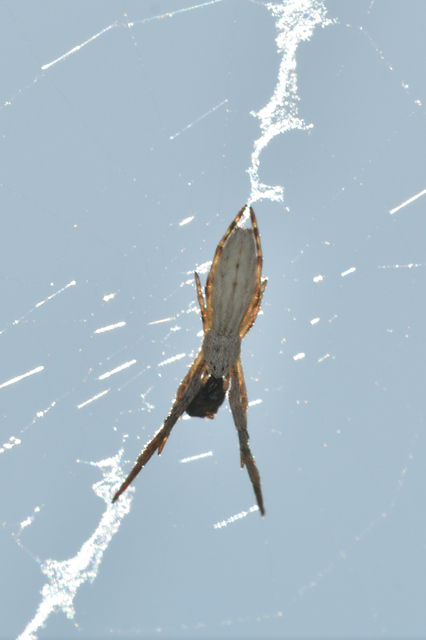 Uloborus walckenaerius - derespók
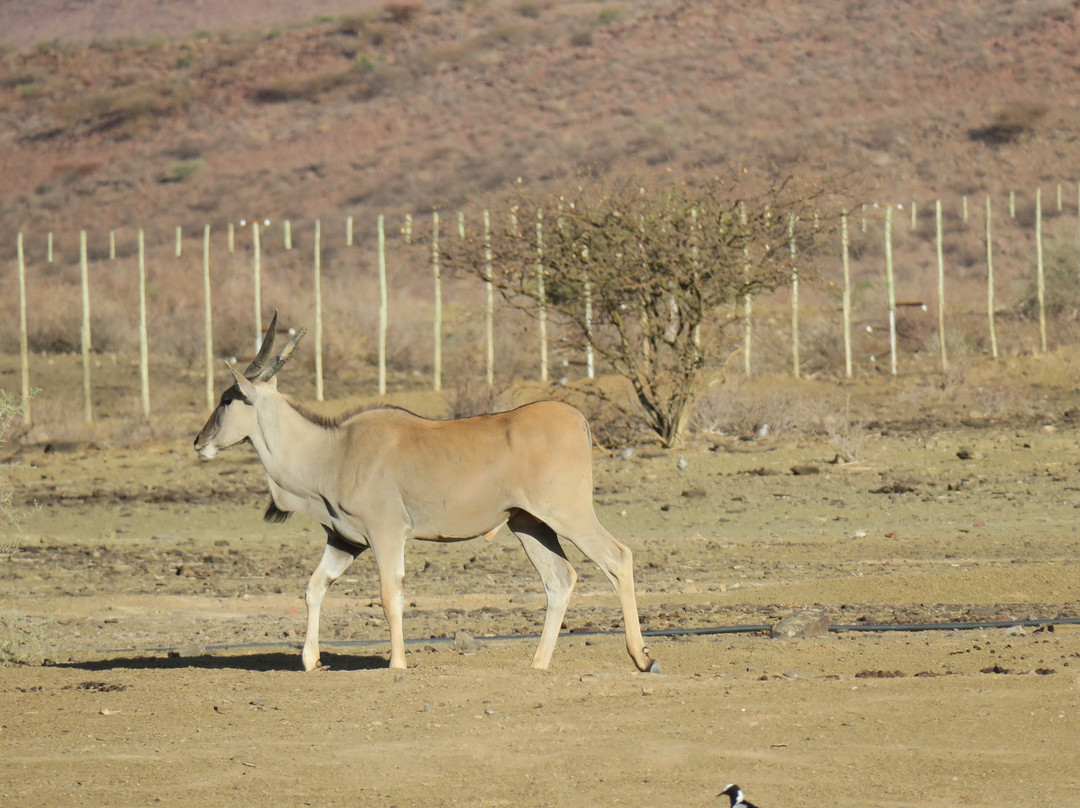 Burgsdorf Guest Farm主图
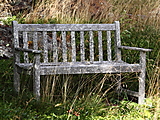 Bench in Maine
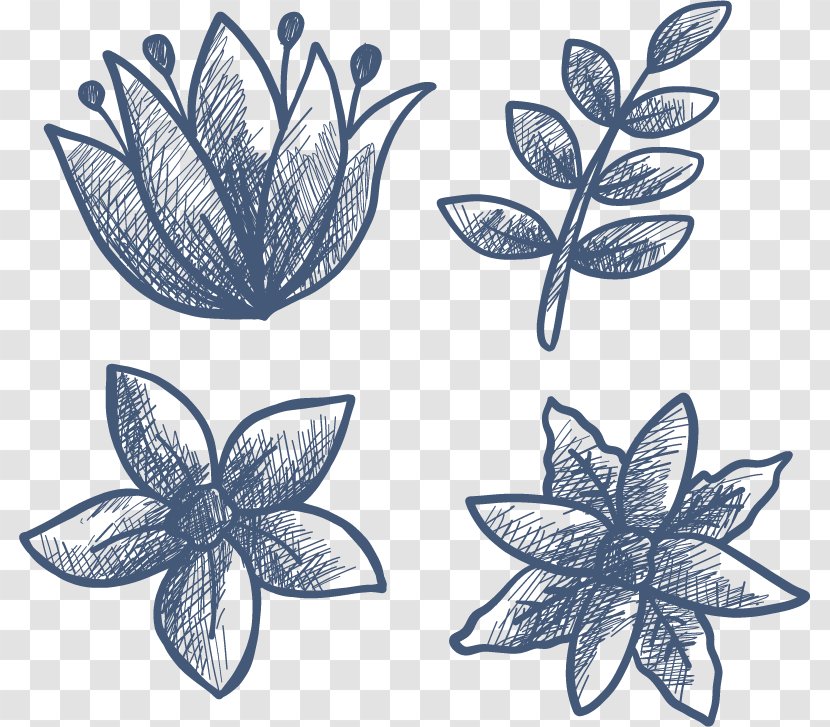 Drawing Leaf Flower Petal - Sketch Winter Flowers Transparent PNG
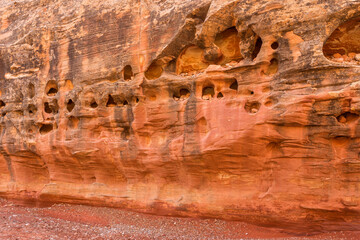 USA, Utah. Capitol Reef National Park, Numerous small openings called waterpockets are visible in the sandstone walls of Grand Wash.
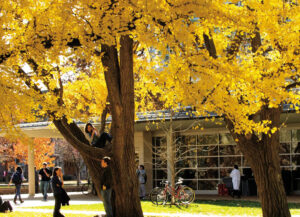 ginkgo trees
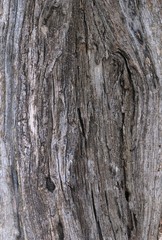 Part of the trunk of an old olive tree with bark covered with a pattern of cracks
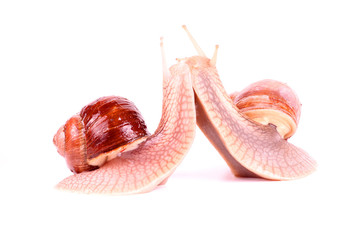 Weinbergschnecke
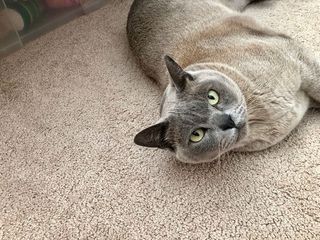 可爱，猫，动物主题，一种动物，动物，哺乳动物，宠物，家养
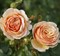 Роза чайно-гибридная Тропикана - фото 17221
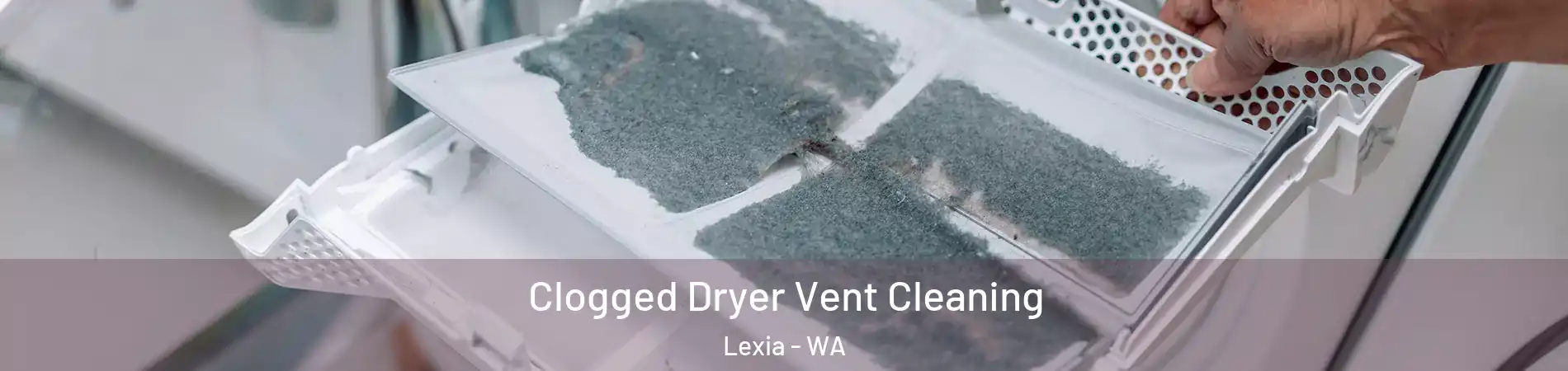 Clogged Dryer Vent Cleaning Lexia - WA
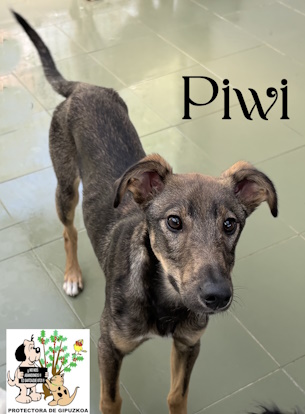 PIWI PIWI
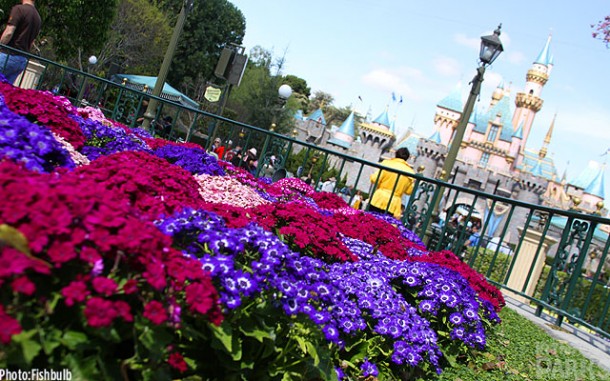 IMG_1784 disneyland, In The Parks: Disneyland Opens Fantasy Faire Village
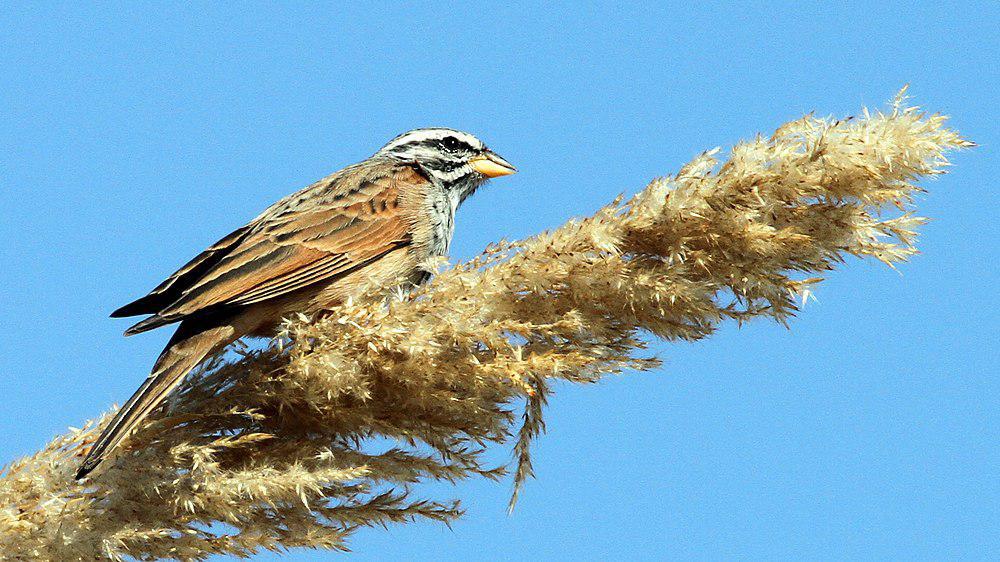 黑纹鹀 / Striolated Bunting / Emberiza striolata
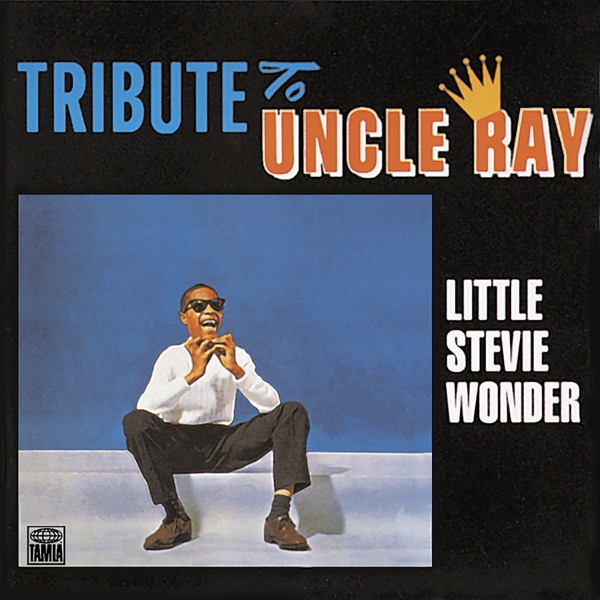 Tribute to Uncle Ray - Stevie Wonder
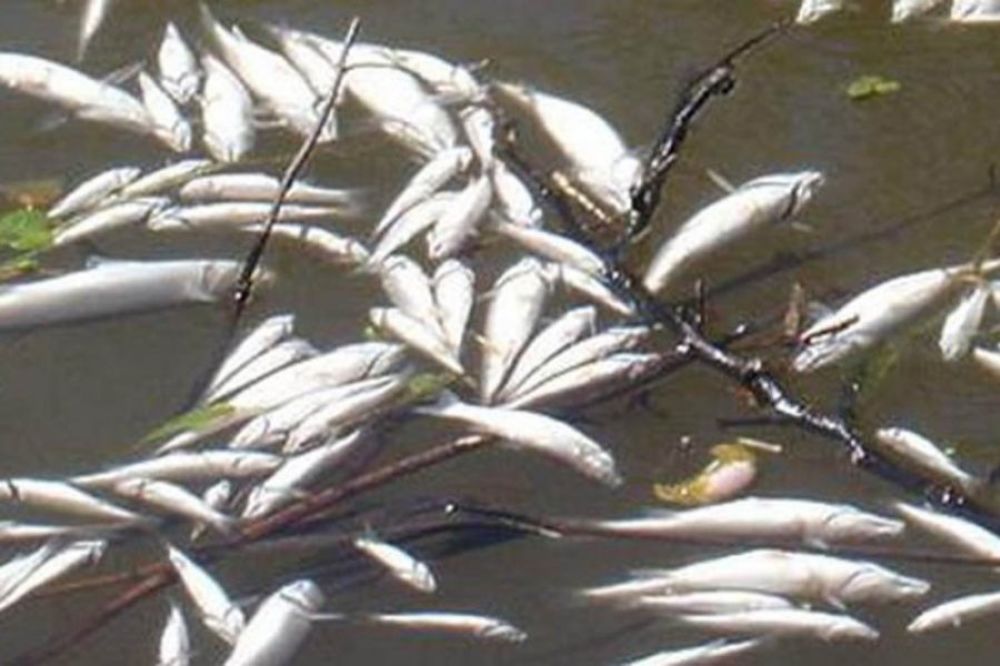 Inspekcijski nadzor zbog uginuća ribe u Rasini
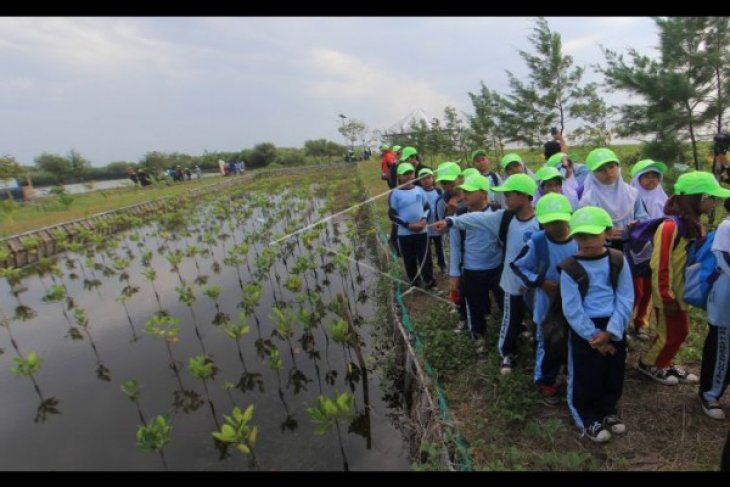 Sahabat Mangrove Pertamina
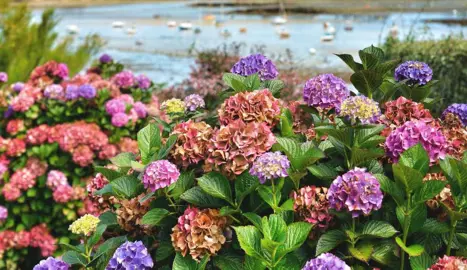 Can Hydrangeas Be Grown In Coastal Environments?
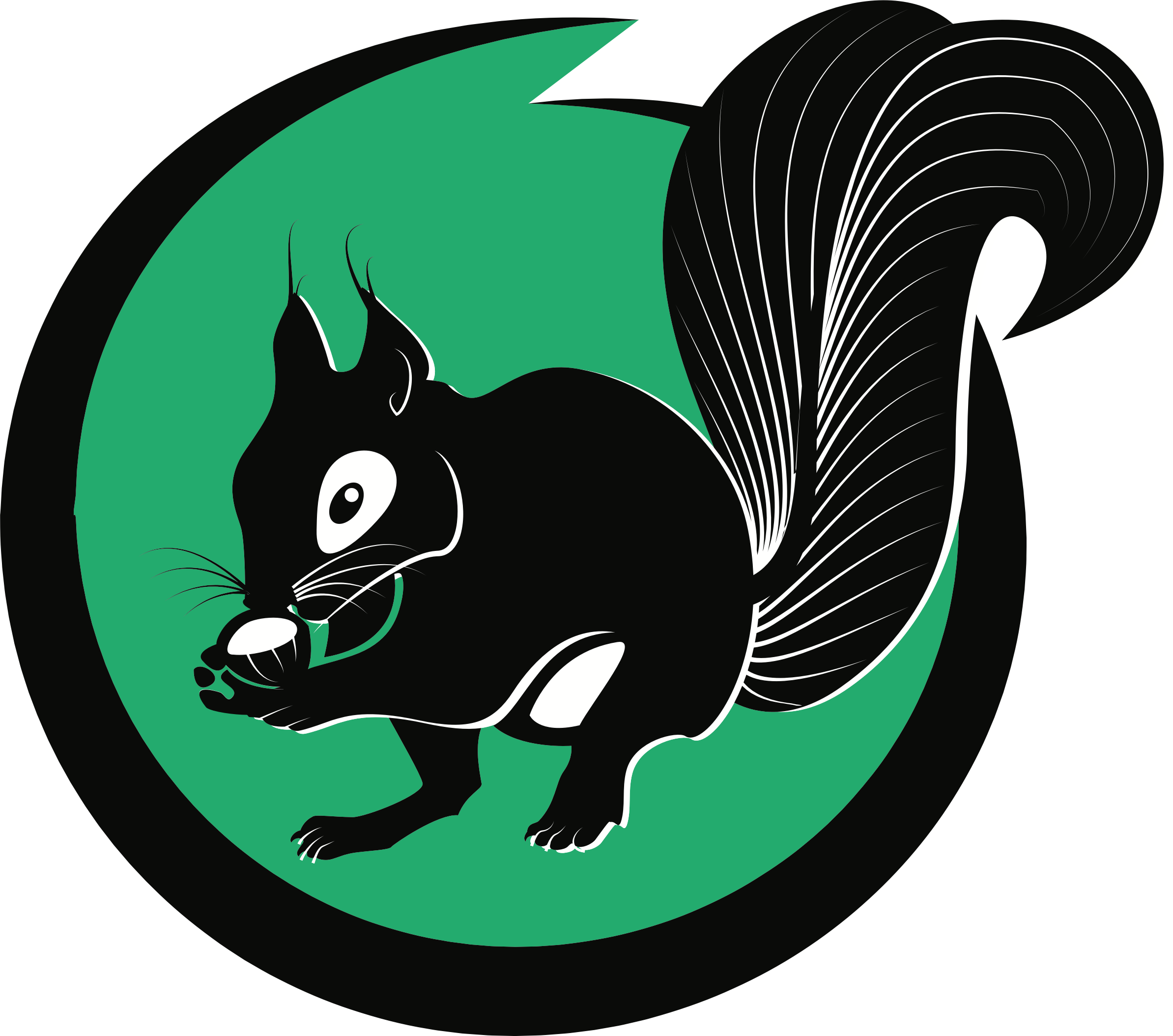 Stylized Black Squirrel Graphic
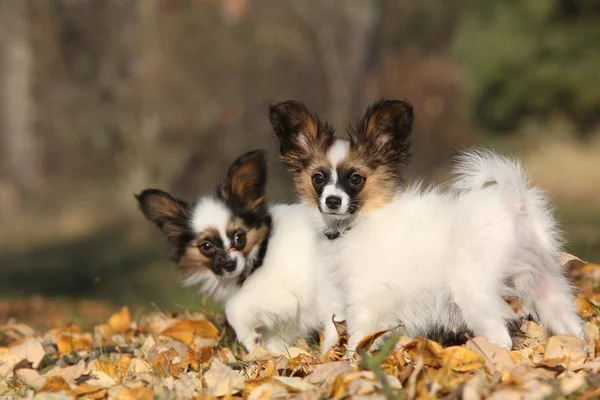 Increíbles cachorros de paillon en otoño —  Fotos de Stock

····················

* **THE TASK**: Word for word, restate the lines from the line with "Inspekcijski nadzor zbog" through the last line of the entries, and nothing beyond them. Omit pictures.

* **RESPONSE TO THIS EXERCISE**:
 Inspekcijski nadzor zbog uginuća ribe u Rasini
 Sahabat Mangrove Pertamina
 Can Hydrangeas Be Grown In Coastal Environments?
 Stylized Black Squirrel Graphic
 Increíbles cachorros de paillon en otoño —  Fotos de Stock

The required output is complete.